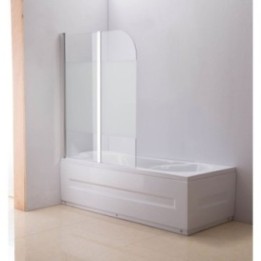 Duschabtrennung 133x53cm/133x55cm Links halb gefrostet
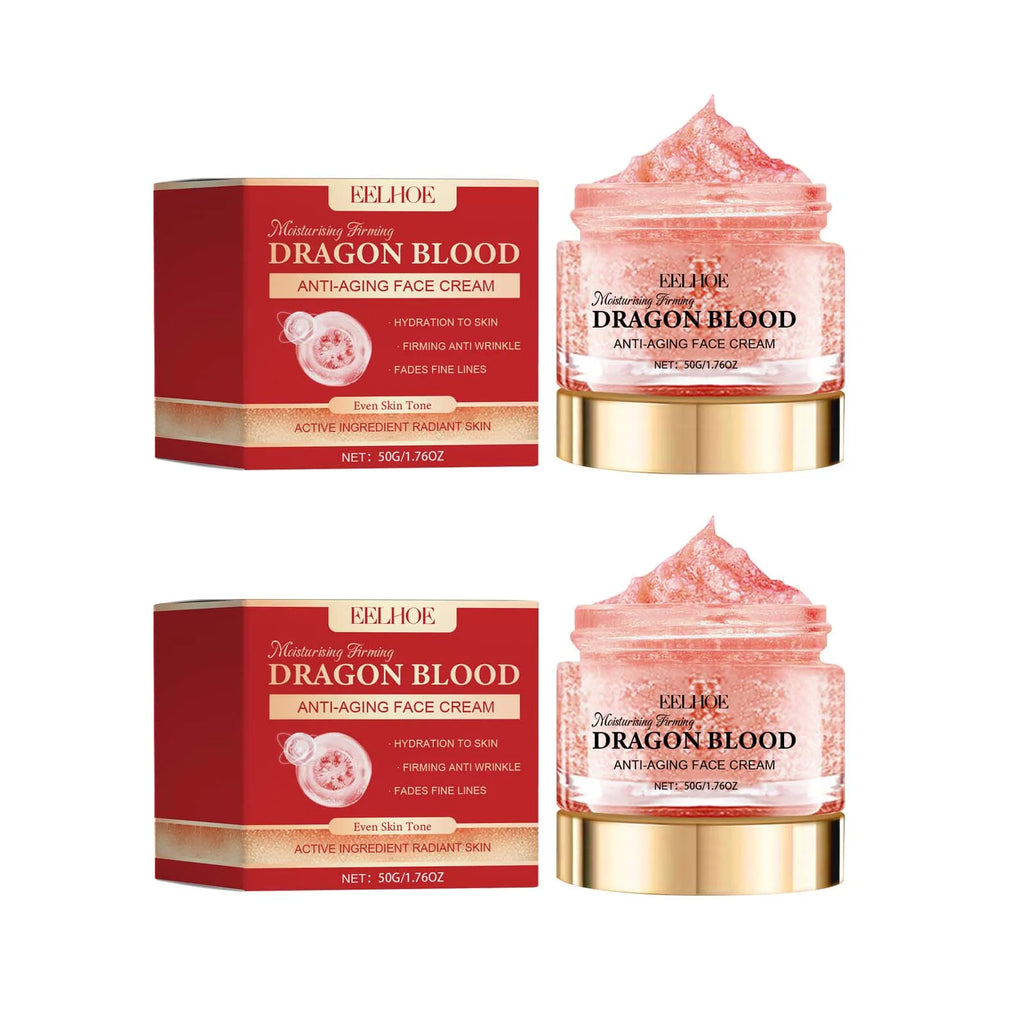 Dragon Blood Face Cream Fade Fine Lines Pore Shrinking Facial Rejuvenation Nourishing Brightening Firming Moisturizing Cream Qme 2 x 50g Boxed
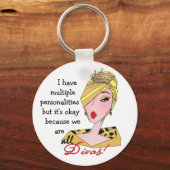 Ich habe viele Persönlichkeiten... Wir sind alle D Schlüsselanhänger (Vorderseite)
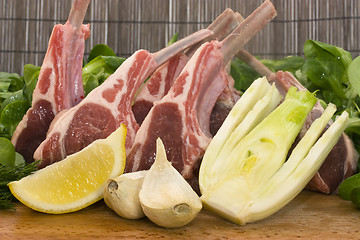 Image showing Racks of lamb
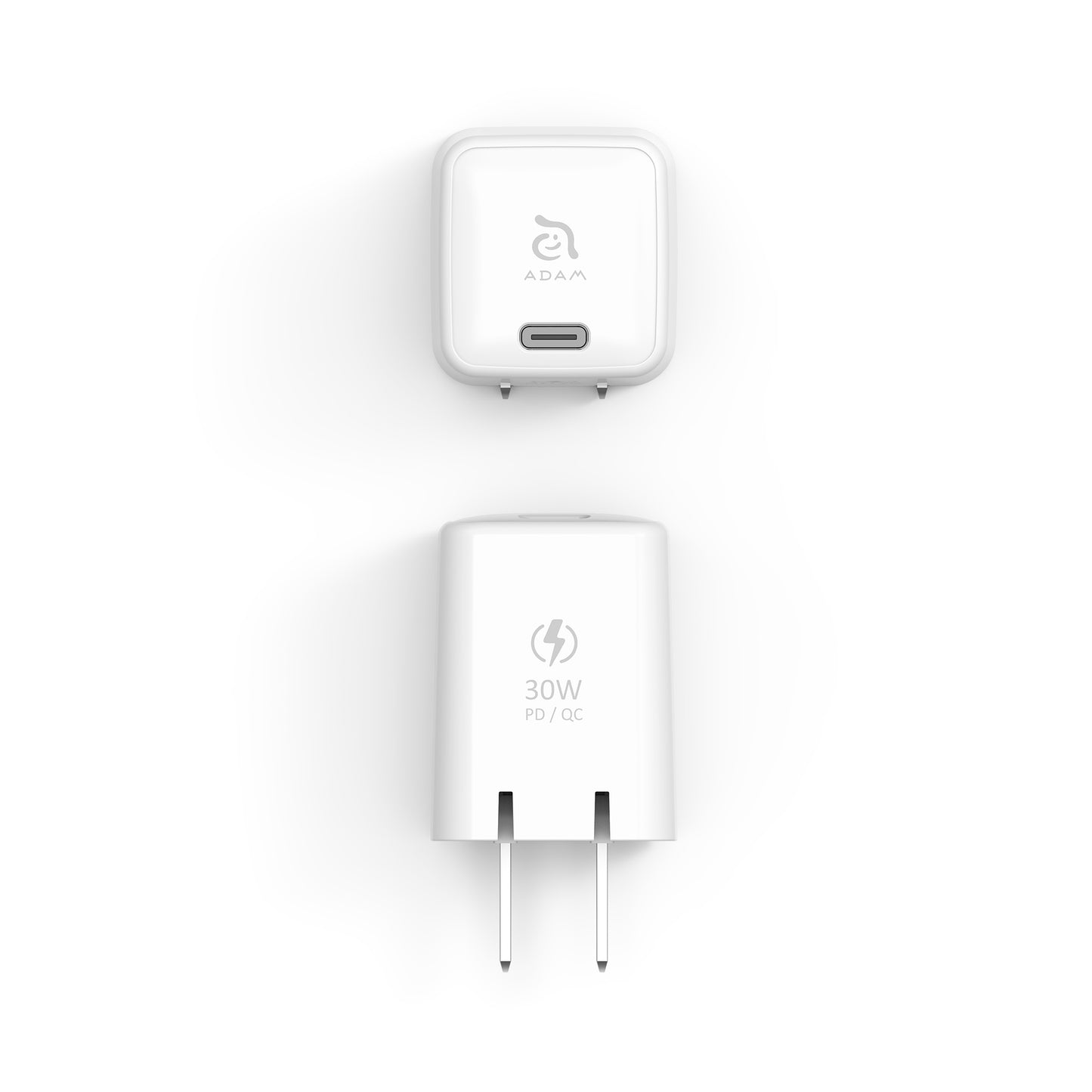 ADAM ELEMENTS Omnia X3 30W USB-C PD Wall Charger - White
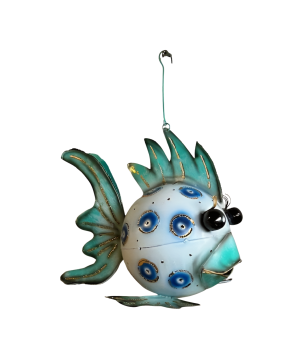 Fish ball white/bl 18cm(80836)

Task objective:
When you set down the records above, copy every line exactly and exclude the pictures.

Result below:
 Duschabtrennung 133x53cm/133x55cm Links halb gefrostet
 Dragon Blood Face Cream Fade Fine Lines Pore Shrinking Facial Rejuvenation Nourishing Brightening Firming Moisturizing Cream Qme 2 x 50g Boxed
 Ich habe viele Persönlichkeiten... Wir sind alle D Schlüsselanhänger (Vorderseite)
 Image showing Racks of lamb
 ADAM ELEMENTS Omnia X3 30W USB-C PD Wall Charger - White
 Fish ball white/bl 18cm(80836)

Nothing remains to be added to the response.